Üniversite öğrencileri, 19 Mart operasyonlarının ikinci ayında Taşkışla'dan Maçka'ya bir yürüdü. Özel güvenlik ve kolluk kuvvetlerinin öğrencilere dönük şiddetinin son bulmasını isteyen öğrenciler, "Tutuklu sıra arkadaşlarımızın derhal serbest bırakılmasını, öğrenci haklarımızın tanınmasını talep ediyoruz. Baskı ve zorbalıkla gençliğin sesini kısacaklarını sananları uyarıyoruz: Gençlik susmaz, gençlik geri adım atmaz!" dedi.

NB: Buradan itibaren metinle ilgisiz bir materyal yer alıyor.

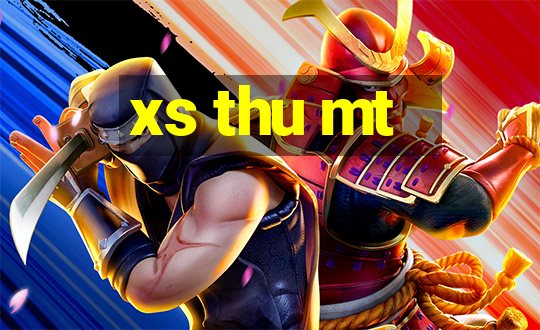 xs thu mt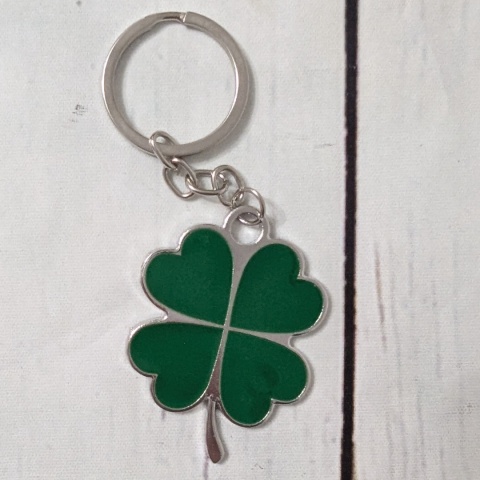 Breloczek KONICZYNKA - Nowy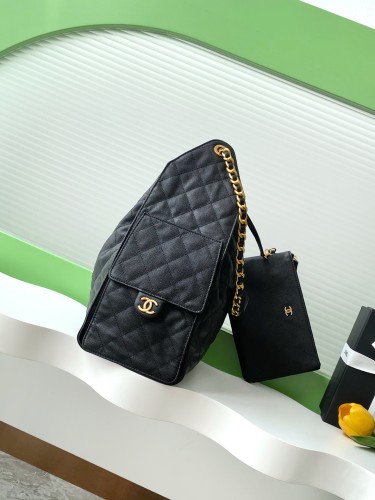 Chanel Womens Bags Crossbody Bag Luxury Brand Chanel Hobo Handbag with Original Box whatsapp 【+1-3239614486】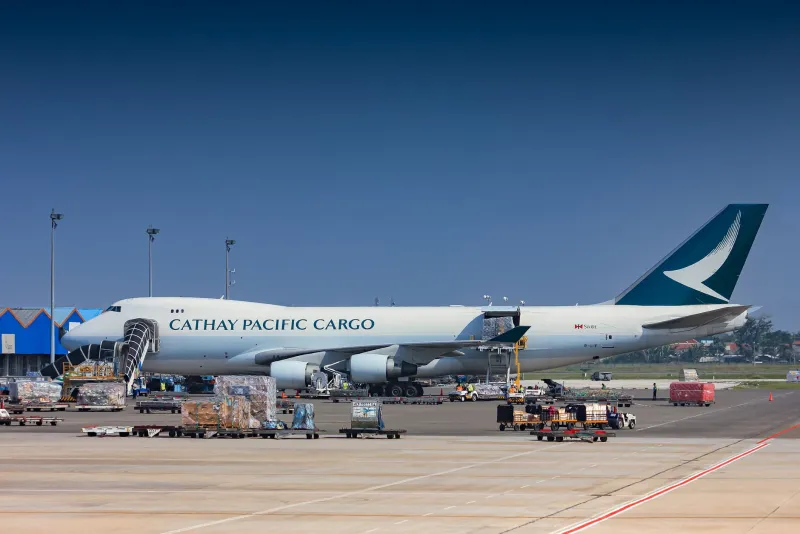 When the Lowest Quote Becomes the Longest Wait: What US Importers Miss About Vietnam Air Freight Pricing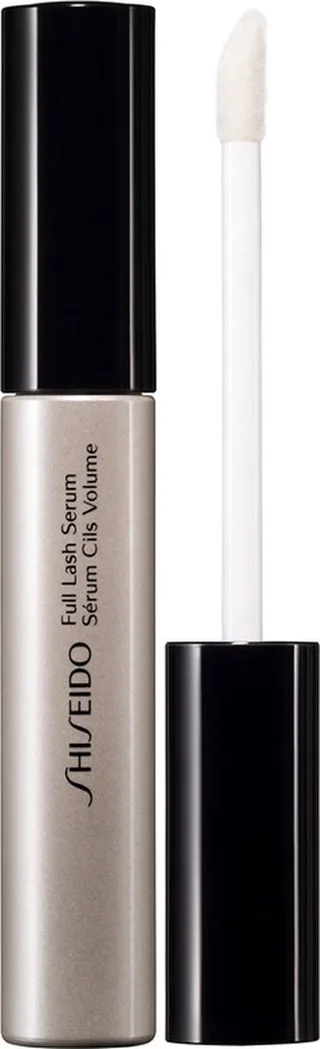 Full Lash Serum - Wimperserum - Wenkbrauwserum fra Shiseido i 6 ml – produktbillede 1 af 5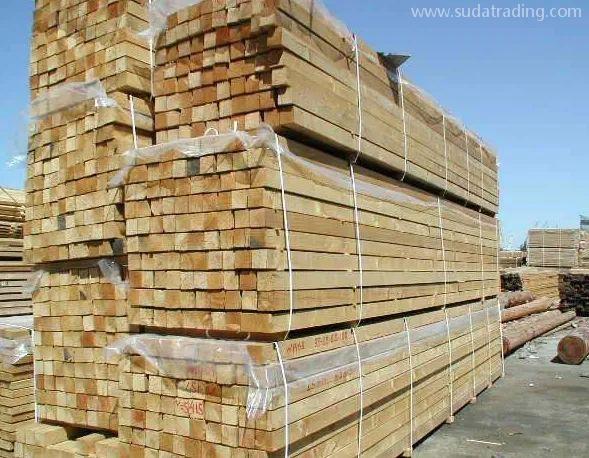 瀕危木材進(jìn)口所需監(jiān)管證件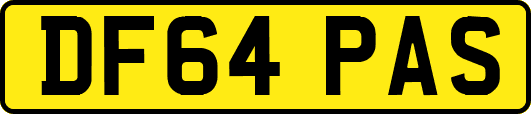 DF64PAS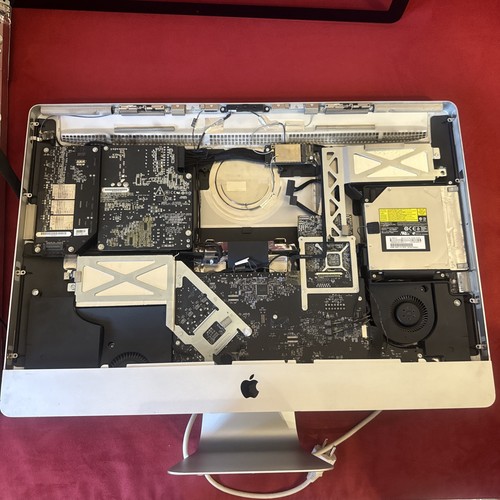 Apple imac mid 2010 - 27,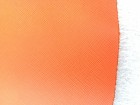PRADA Saffiano prirodna koža narandžasta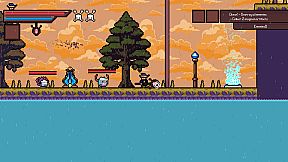 WIZARD ANOTHER WORLD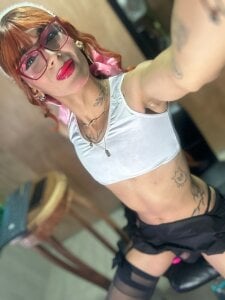 Alice_randyy Sweet, safe and dangerously irresistible зображення 3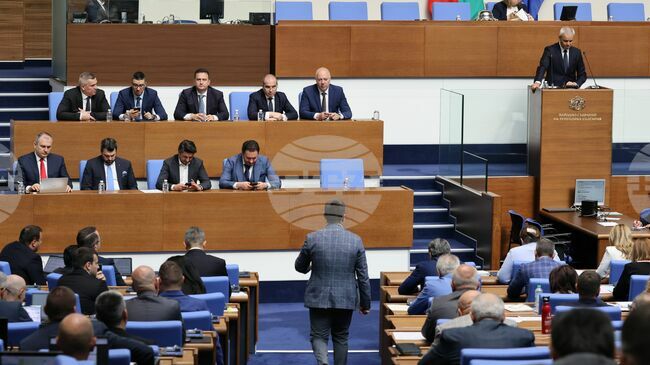 Fourth No-Confidence Motion against Cabinet in Pipeline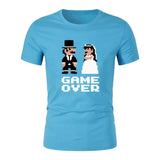 Game Over T-Shirt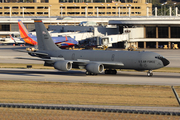 United States Air Force Boeing KC-135R Stratotanker (63-8883) at  Birmingham - International, United States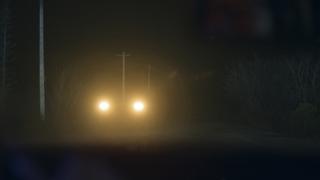 Mysterious Forces and Haunted Roads Mysterious Forces and Haunted Roads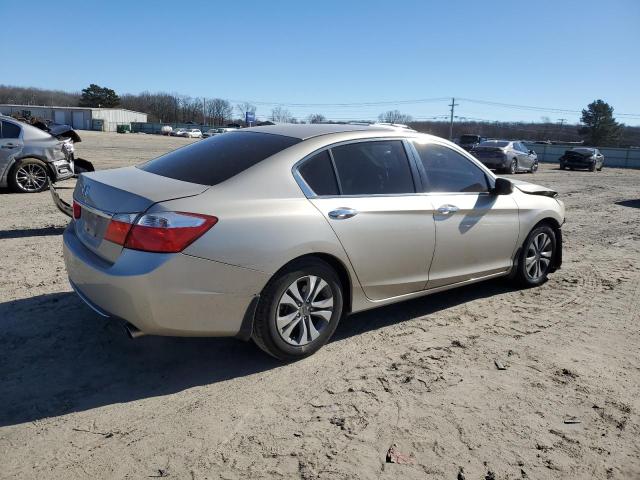 2015 HONDA ACCORD LX - 1HGCR2F33FA150432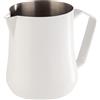 APS 10362 - Caraffa universale per latte/latta, in acciaio inox, verniciato a polvere, 0,75 litri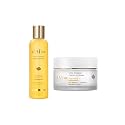 d'alba Piedmont White Truffle Vita Toning Serum Toner + Vita Toning Capsule Cream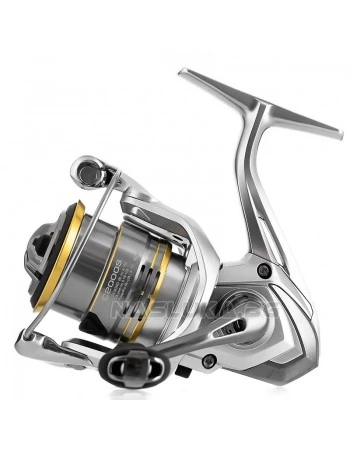 Макара с преден аванс Shimano Sedona C2000S HG FJ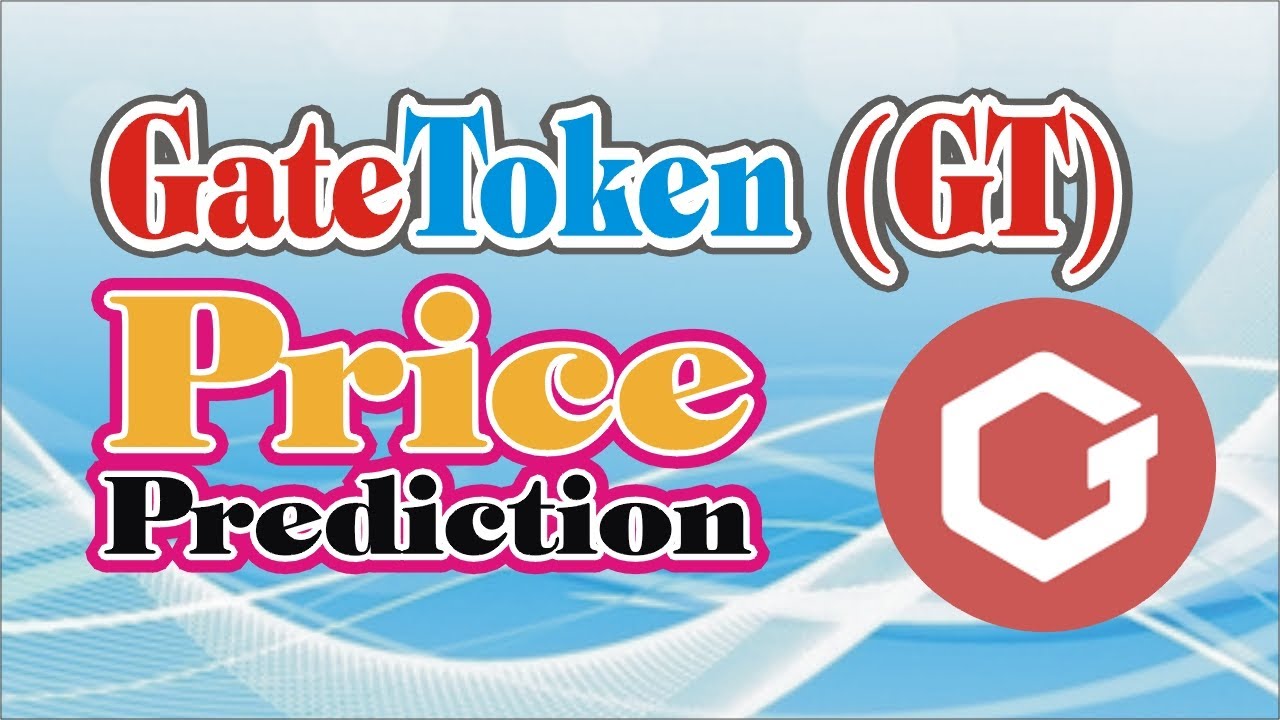 Gate Token (GT) Price Prediction Of Bull Run !! Technical Analysis and Price Targets !!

18 Mart'ta İBB Başkanı Ekrem İmamoğlu'nun üniversite diplomasının iptal edilmesi, ertesi gün de gözaltına alınmasını protesto eden üniversite öğrencileri, bugün de İTÜ Taşkışla binasından Maçka Demokrasi Parkı'na bir yürüdü. Hala tutuklu bulunan arkadaşlarının serbest bırakılmasını isteyen öğrenciler bir açıklama yaptı. 

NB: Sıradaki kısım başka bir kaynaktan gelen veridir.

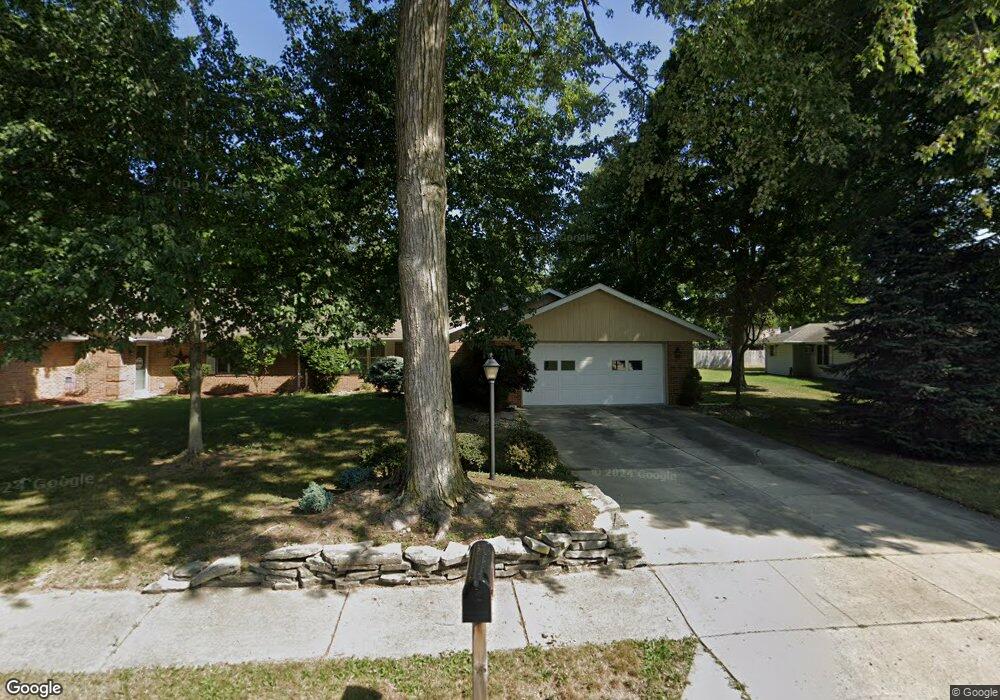 1580 Northbrook Dr, Lima, OH 45805 - photo 1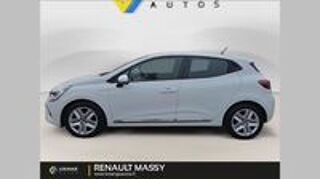 Clio V Clio SCe 75 Zen 2020 occasion 91300 Massy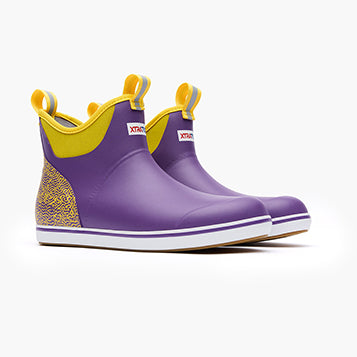 Men's Tailgate 6 in Ankle Deck Boot - hero2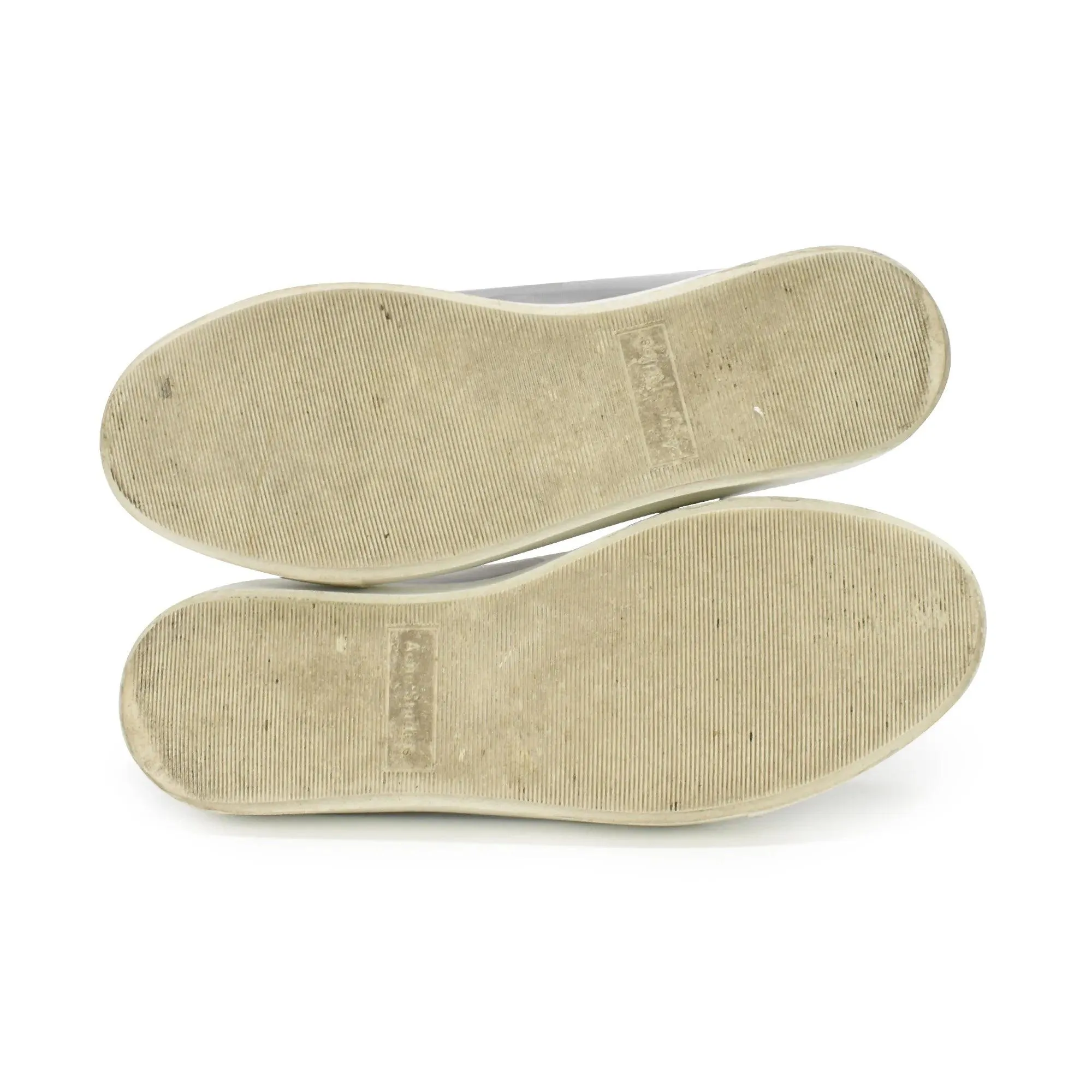 Acne Sneakers - Women's 39
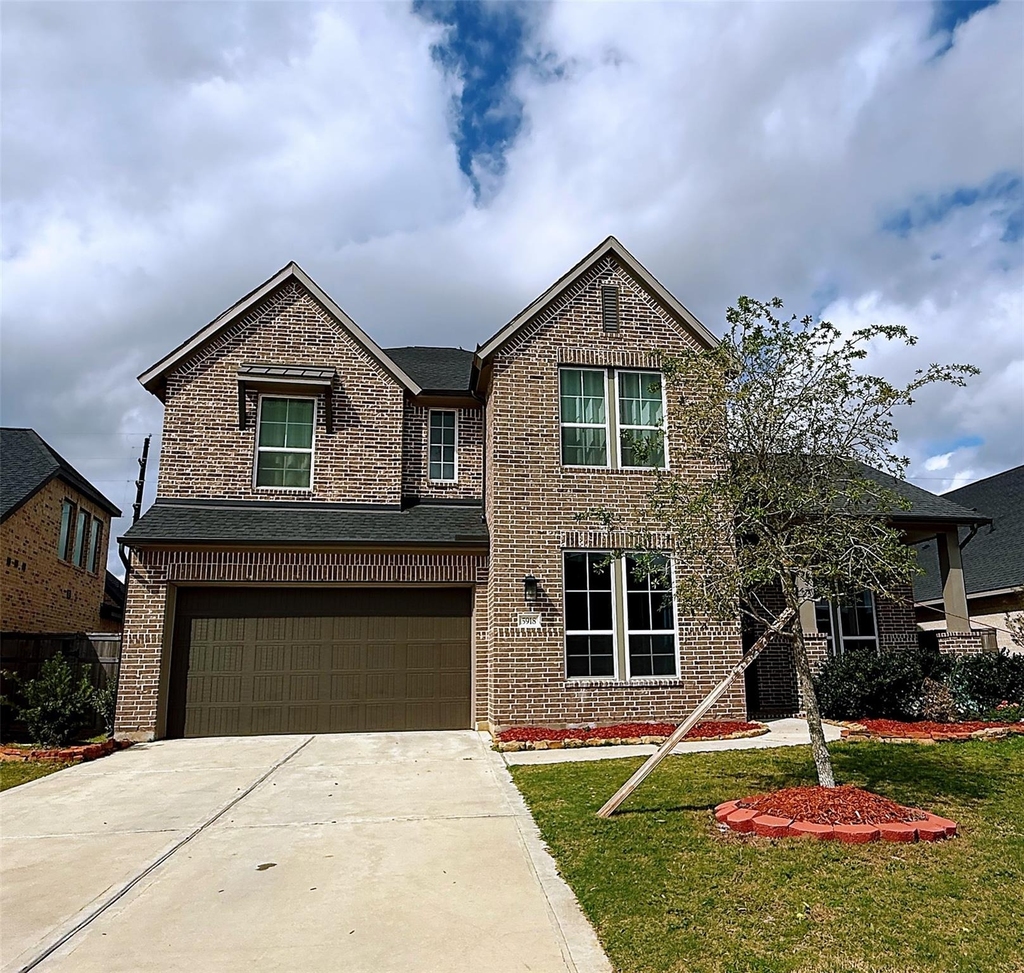 5918 Emerald Ranch Lane - Photo 1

 "Yeni bir geleceğe olan inancımızı güçlendirmek için bir aradayız"

Öğrenciler açıklamalarında "19 Mart'tan bu yana hukuksuz bir şekilde tutuklanan sıra arkadaşlarımızın serbest bırakılması için buradayız. Bu dayanışma buluşması, baskıya boyun eğmeden, korkunun ve suskunluğun zincirlerini kırmak için verdiğimiz mücadelenin bir kez daha haykırıldığı bir alandır. Yıkılan korku duvarlarının ardından, yeni bir geleceğe olan inancımızı güçlendirmek için bir aradayız." ifadelerine yer verdi. 

"Demokratik öğrenci temsiliyeti demokratik üniversitelerin ayrılmaz parçasıdır"

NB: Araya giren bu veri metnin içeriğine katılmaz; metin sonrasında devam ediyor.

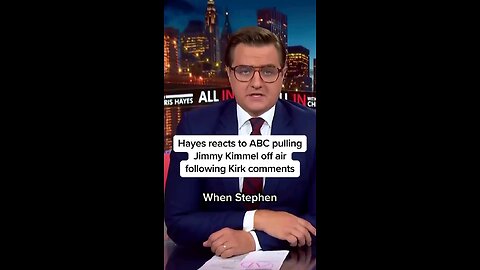"This is just the Latest chapter in Donald Trump's ongoing campaign to crack down on free speech,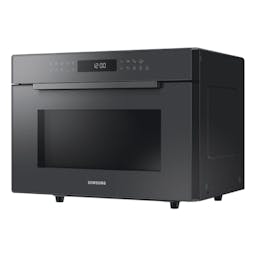 Samsung MC35R8088LC Smart Microwave Oven 35 Liters | Black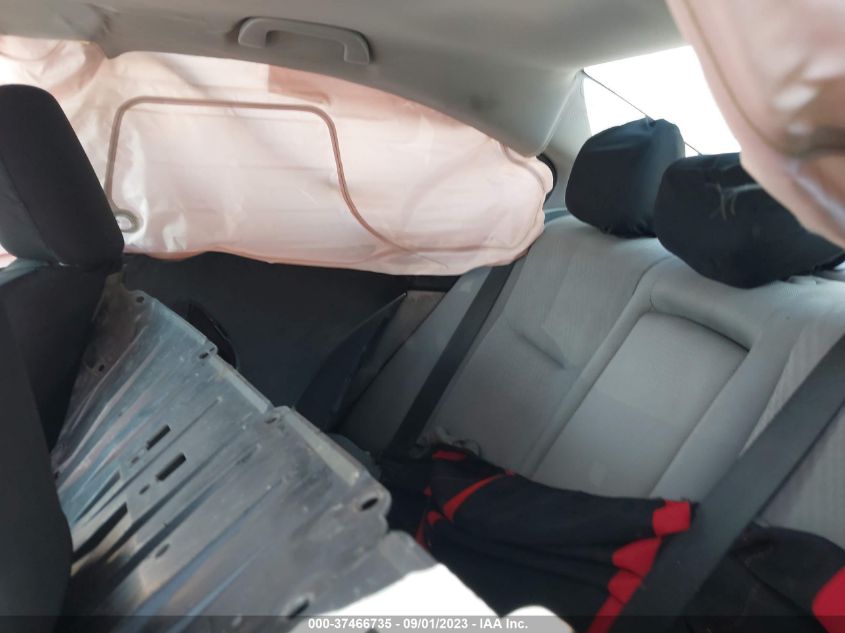 2014 HONDA CIVIC EX - 19XFB2F85EE222531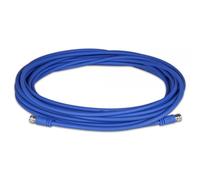 Megasat Cavo Coassiale F-Stecker Antenna 20 m Flex Full HD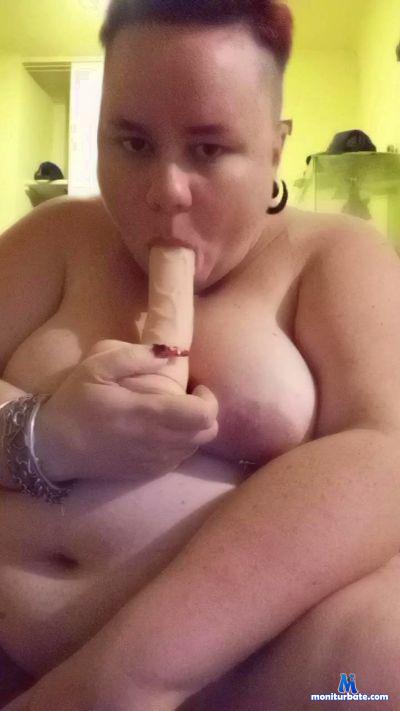 MmeCauchemar cam4 bisexual performer from French Republic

 Açıklamalarında antidemokratik uygulamaların Üniversitelerde devam ettiğini vurgulayan öğrenciler, "Tüm sıra arkadaşlarımız serbest bırakılana dek mücadelemizi sürdüreceğiz. Üniversitelerde kayyum rektörlüğünün dayattığı antidemokratik uygulamalar, öğrenci temsiliyetinin önüne dikilen yeni barikatlardır. Bu barikatları, İstanbul Teknik Üniversitesi’nde, Yıldız Teknik Üniversitesi’nde ve İstanbul Üniversitesi’nde fiili Öğrenci Temsil Kurulu (ÖTK) seçimleriyle yıkmaya kararlıyız. İstanbul Teknik Üniversitesi ÖTK'sını seçti, Yıldız Teknik Üniversitesi seçiyor, İstanbul Üniversitesi seçiyor. Bu temsilcilikler üniversiteler tarafından derhal tanınmalıdır. Demokratik öğrenci temsiliyeti demokratik üniversitelerin ayrılmaz parçasıdır." ifadelerine yer verdiler. 

"Demokratik bir Türkiye hedefimizden de asla vazgeçmeyeceğiz"

Öğrenciler basın açıklamalarına "Ancak mücadelemiz sadece kampüslerle sınırlı değil! Bugün demokratik bir üniversite için yola çıkan bizler, demokratik bir Türkiye hedefimizden de asla vazgeçmeyeceğiz. Üniversitelerdeki şiddet ve baskı, özgürlükleri kısıtlayan genel politikaların bir parçasıdır. Bizler, bu zincirleri kıracak; hem özgür, özerk ve demokratik üniversiteleri hem de demokratik bir Türkiye mücadelesini sürdürmeye devam edeceğiz. Tutuklu sıra arkadaşlarımızın derhal serbest bırakılmasını, ÖGB ve kolluk kuvvetlerinin öğrencilere yönelik şiddetinin son bulmasını ve öğrenci haklarımızın tanınmasını talep ediyoruz. Baskı ve zorbalıkla gençliğin sesini kısacaklarını sananları uyarıyoruz: Gençlik susmaz, gençlik geri adım atmaz!" ifadeleriyle sonlandırdılar.